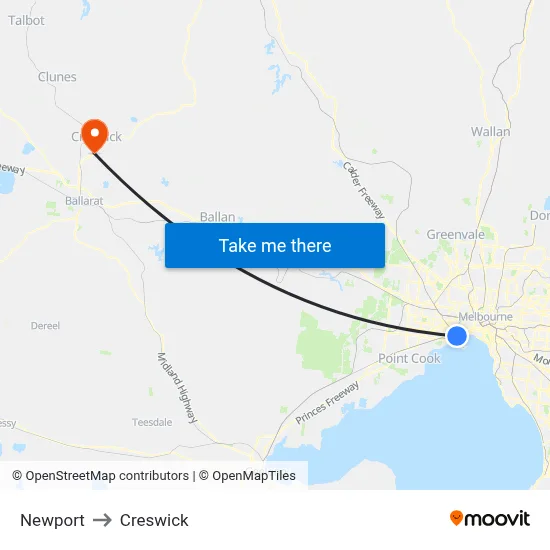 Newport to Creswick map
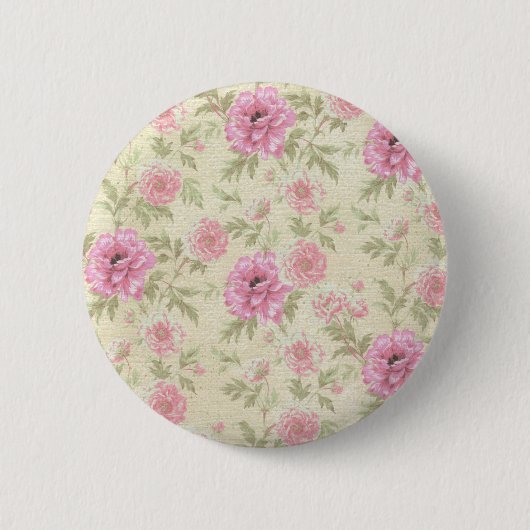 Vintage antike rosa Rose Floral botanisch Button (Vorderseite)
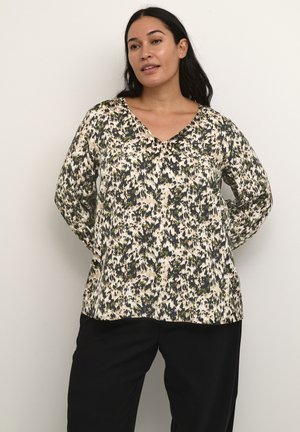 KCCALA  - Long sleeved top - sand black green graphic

--

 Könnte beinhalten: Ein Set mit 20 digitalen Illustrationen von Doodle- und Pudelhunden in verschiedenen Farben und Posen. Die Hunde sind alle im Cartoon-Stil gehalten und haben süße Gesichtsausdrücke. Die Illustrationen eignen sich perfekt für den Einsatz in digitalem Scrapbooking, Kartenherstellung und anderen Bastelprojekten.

• To do
When you reach the line with "Newport to Creswick map" in the records above, start writing out each line exactly, and stop after the line with "black green graphic". Pictures stay out.

• Response to the exercise
 Newport to Creswick map
 Vintage antike rosa Rose Floral botanisch Button (Vorderseite)
 KCCALA  - Long sleeved top - sand black green graphic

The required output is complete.